In the minutes that followed the shooting, no one reported seeing any boats on the river or anyone running from the scene. The most perplexing question loomed large, especially in the days to come: a motive.
"A motive is obviously the biggest thing we start to look into,” said Det. Vickery. “It's very difficult when you are dealing with someone who has been retired for 20 years, who spends most of his time right here in his backyard and is also involved in the community.”
While the police were mystified, de Leede’s family was stunned beyond belief.
“That’s an understatement,” Susie Paul de Leede, his daughter-in-law, said. “We are shocked. This is surreal. We don't understand, we don't have any idea who or why anyone would want to do this to Johan.”
In only the second interview granted by the family, Susie de Leede told FOX 5 her father-in-law had no enemies, and his vicious murder has left them frightened and confused.
"And we have really thought about it, and with guidance from the police, they are really having us dig into our memories to see if there is anything, anywhere that we can remember, but nothing. In a year—nothing,” she said.
She told FOX 5 the family has gone through notebooks, computers, phones and other things looking for any contact he may have had with someone that sends up a red flag, but they haven’t found anything.

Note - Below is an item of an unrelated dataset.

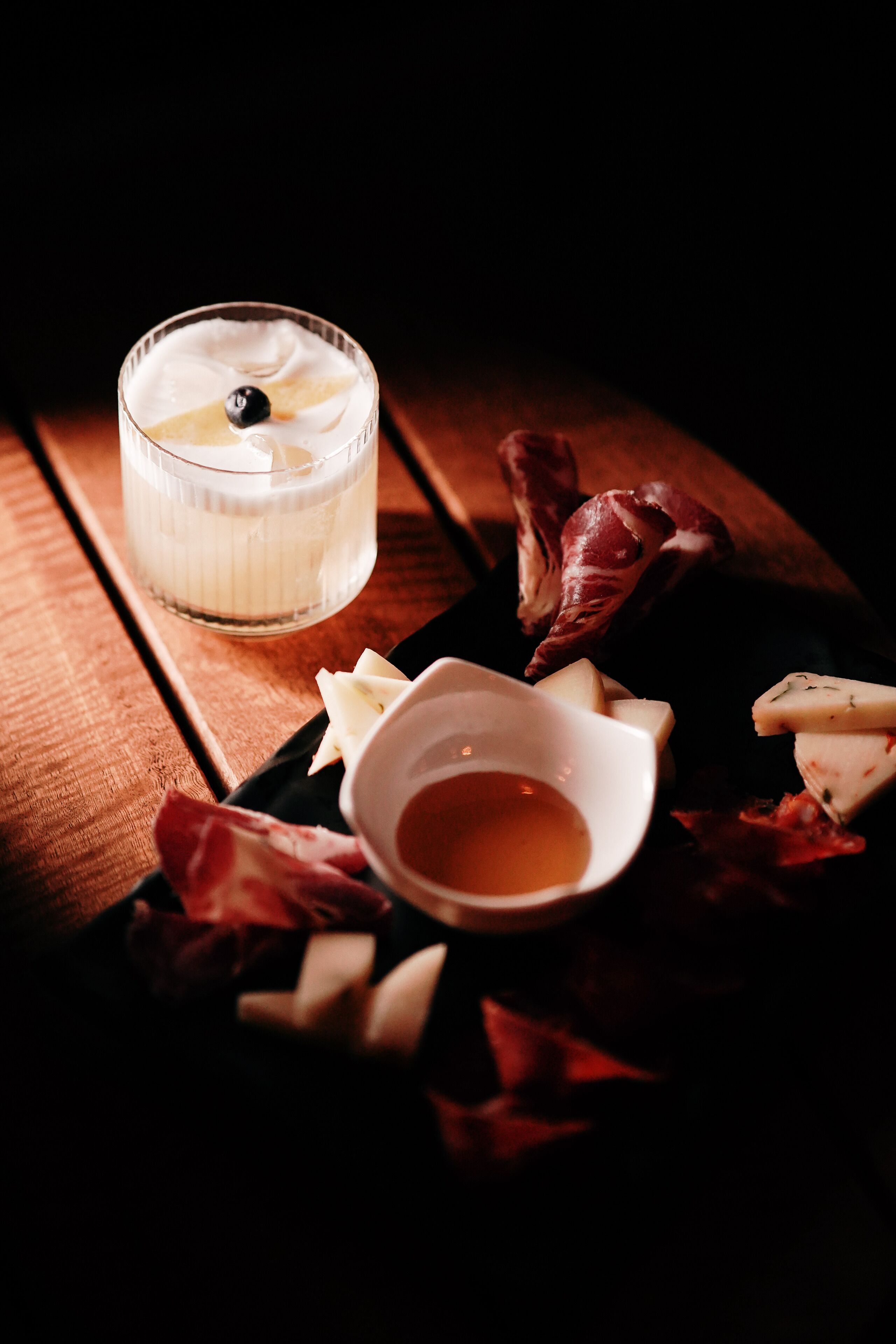 A glass of white beverage with a blueberry garnish, a small bowl of honey, and various cheeses on a wooden board.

Johan de Leede was a father of four and a grandfather of eight. He had been retired from the World Bank for 20 years when he died. He would have turned 85 years old on June 9.
"He was like no other,” Susie de Leede said. “He really was, and you knew that from the moment you met him. He was so kind, he was wise and knowledgeable.”
She remembers her father-in-law as a tremendous listener who always offered sound advice.
"He was so generous with both his time and with his home, but most of all, Johan loved his family," she said.
Less than a mile away from where Johan de Leede was murdered at his home on River Drive, police got a major clue. Two witnesses reported hearing a vehicle turn the corner on Mallard, and travel at a high rate of speed down the straightway. One witness only heard the vehicle, but the second actually looked out a window and described seeing a large, dark-colored pickup truck with its lights off. Detectives estimate those witnesses heard that truck six to 10 minutes after the first call for help from the house.
“I do believe that vehicle may have been involved in this," said Det. Vickery.
After investigating the case nonstop for the last year, Detective Vickery and his partner have taken a look at one of de Leede’s passions. He wanted a bike trail built along Gunston Road.
"That was kind of his community effort to have that trail put in,” Det. Vickery explained. “The trail is now currently under construction, so maybe that might have something to do with this case. We’re not sure. It is something we are looking into, but as far as motive, we don't have anything to direct us."
Detectives are looking at all cell phone numbers that were pinging off of nearby towers in the week before de Leede’s murder—when someone may have cased the house—as well as the night of the murder, to see if there’s anyone else they should talk to in connection to the case. That kind of work, though, is labor intensive.
"Basically it allows us to see the cell phones that were used in this area at that time -- given that day and maybe the day before," said Det. Vickery. "That allows us to see if maybe somebody was out here -- whether we need to investigate or speak to."
With a year gone by and no suspect or motive in sight, the de Leede family is hoping some new attention on the case will generate fresh leads.
"We really need that -- particularly Liesbeth, Johan's wife,” his daughter-in-law explained. “She really needs to have closure on this. We need to understand why. It won't bring him back, but we need to understand why.
"It's such a mystery and something that is beyond our comprehension."